* _WHAT TO DO_
Could you write out exactly, and only, the lines from the one containing "Iqra aziz showing" through the last line of the data, leaving out all pictures?

* _DATA BELOW_

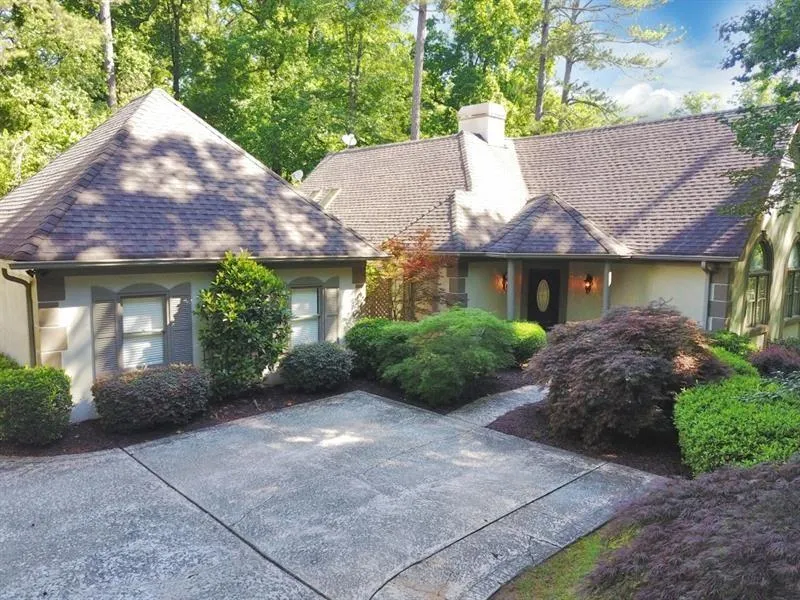 229 N Mill Road, Sandy Springs, Georgia 30328, 3 Bedrooms Bedrooms, ,3 BathroomsBathrooms,Residential,Sold,229 N Mill Road,6671535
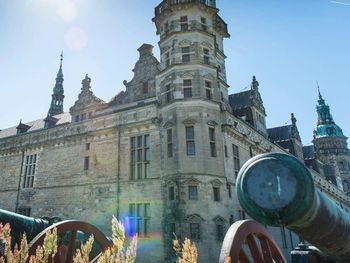 Bag slottets låste døre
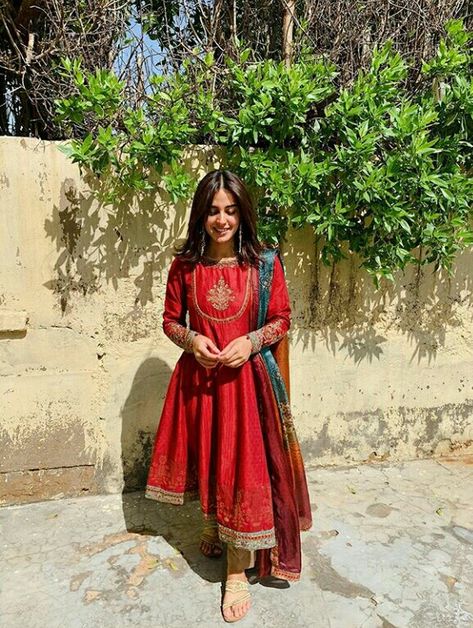 Iqra aziz showing her beauty Iqra Aziz Dresses, Iqra Aziz, Pakistani Dresses Casual, Indian Gowns Dresses, Beautiful Suit, Indian Bridal Outfits, Dress Indian Style, Indian Wedding Outfits, Pakistani Dress Design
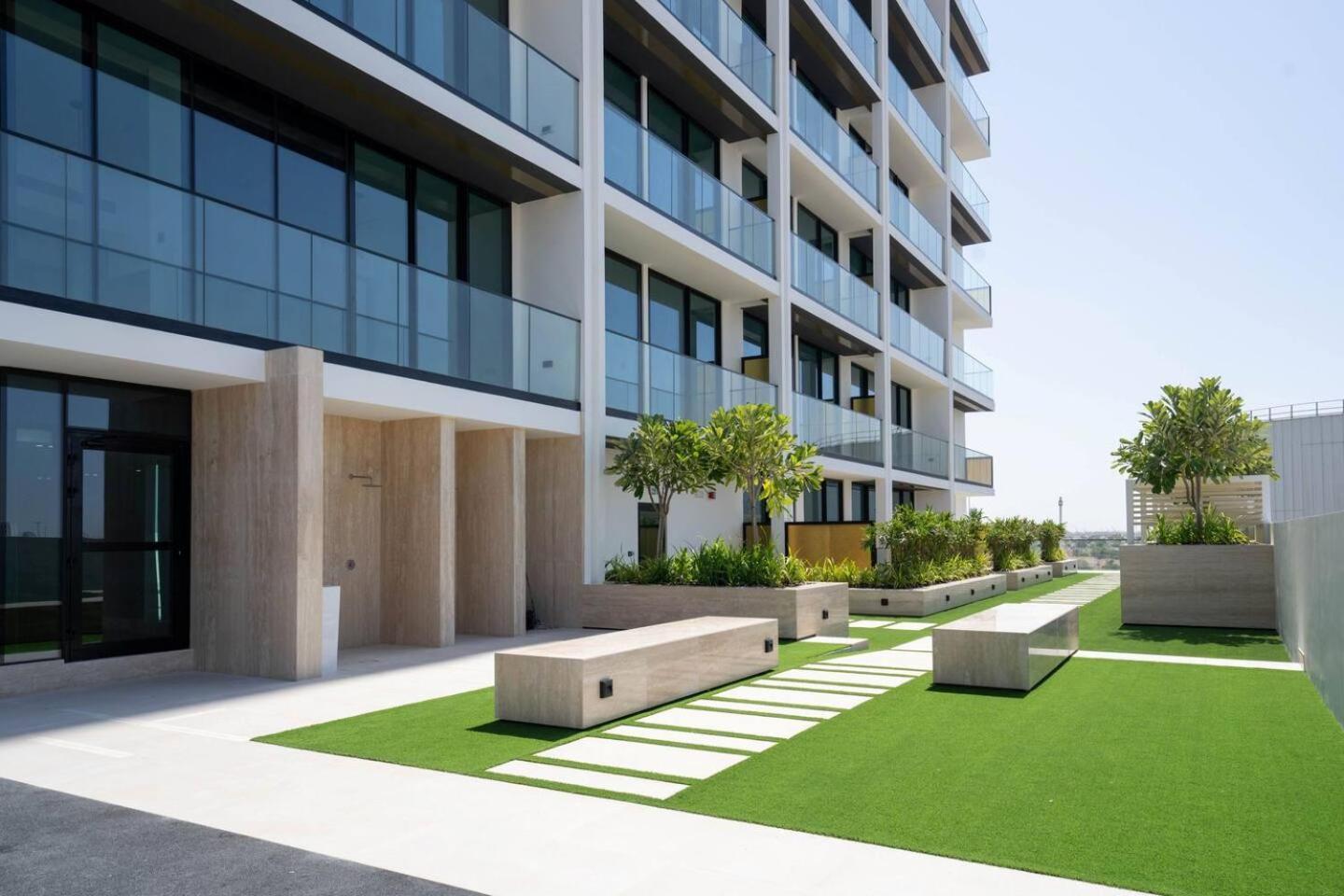 Stylish 1br With Garden View In Jvc *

* _WRITTEN ANSWER_
 Iqra aziz showing her beauty Iqra Aziz Dresses, Iqra Aziz, Pakistani Dresses Casual, Indian Gowns Dresses, Beautiful Suit, Indian Bridal Outfits, Dress Indian Style, Indian Wedding Outfits, Pakistani Dress Design
 Stylish 1br With Garden View In Jvc *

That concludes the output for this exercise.